═════ Dataset excerpts ═════

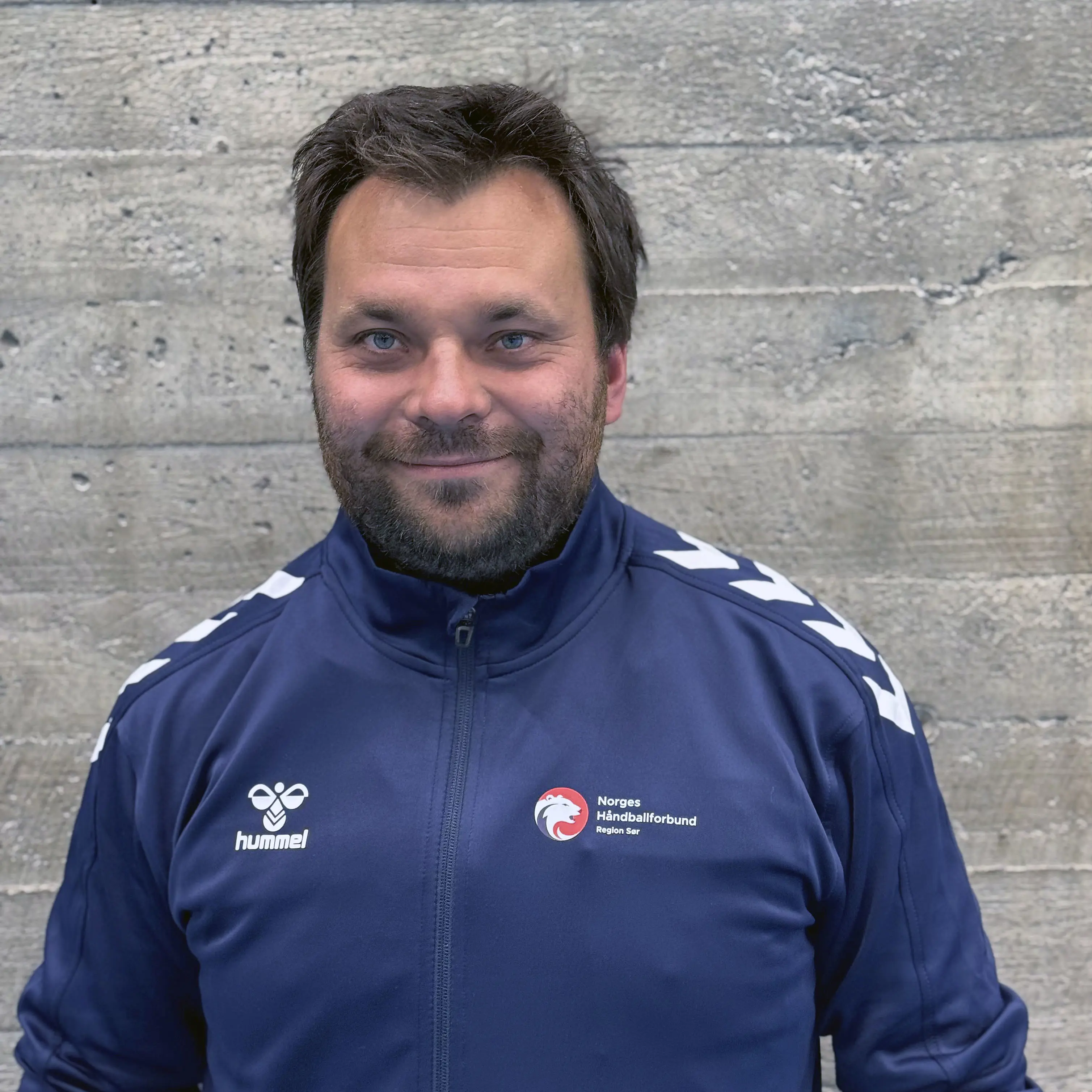 Petter Laheld.jpg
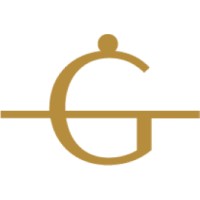 Gastronomia Traiteur logo - Similar company to Maxence Traiteur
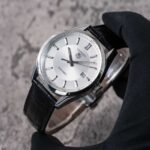 Tag Heuer Carrera Calibre 5 WV211A-0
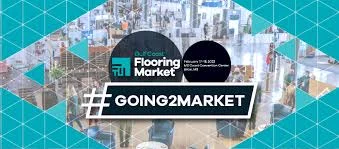 Gulf Coast Flooring Market Biloxi 2025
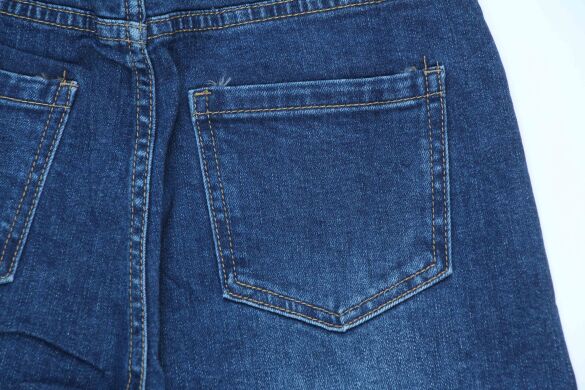 Купить  оптом в интернет магазин jeansoptom.com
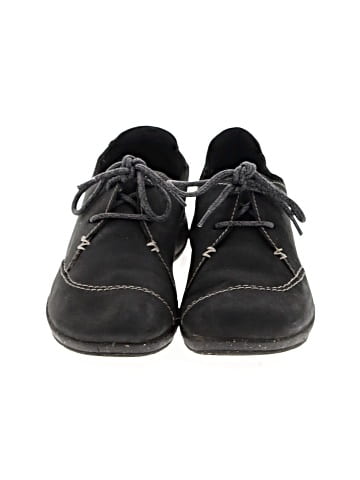Clarks Sneakers (view 2)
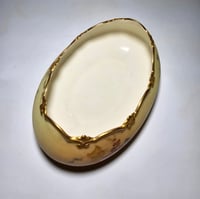 Image 8 of Royal Worcester Oval Dish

═════

:: What the exercise asks ::
Without copying the pictures, transcribe the entries exactly.

:: Output of the exercise ::
 Petter Laheld.jpg
 Gastronomia Traiteur logo - Similar company to Maxence Traiteur
 Tag Heuer Carrera Calibre 5 WV211A-0
 Gulf Coast Flooring Market Biloxi 2025
 Купить  оптом в интернет магазин jeansoptom.com
Clarks Sneakers (view 2)
 Image 8 of Royal Worcester Oval Dish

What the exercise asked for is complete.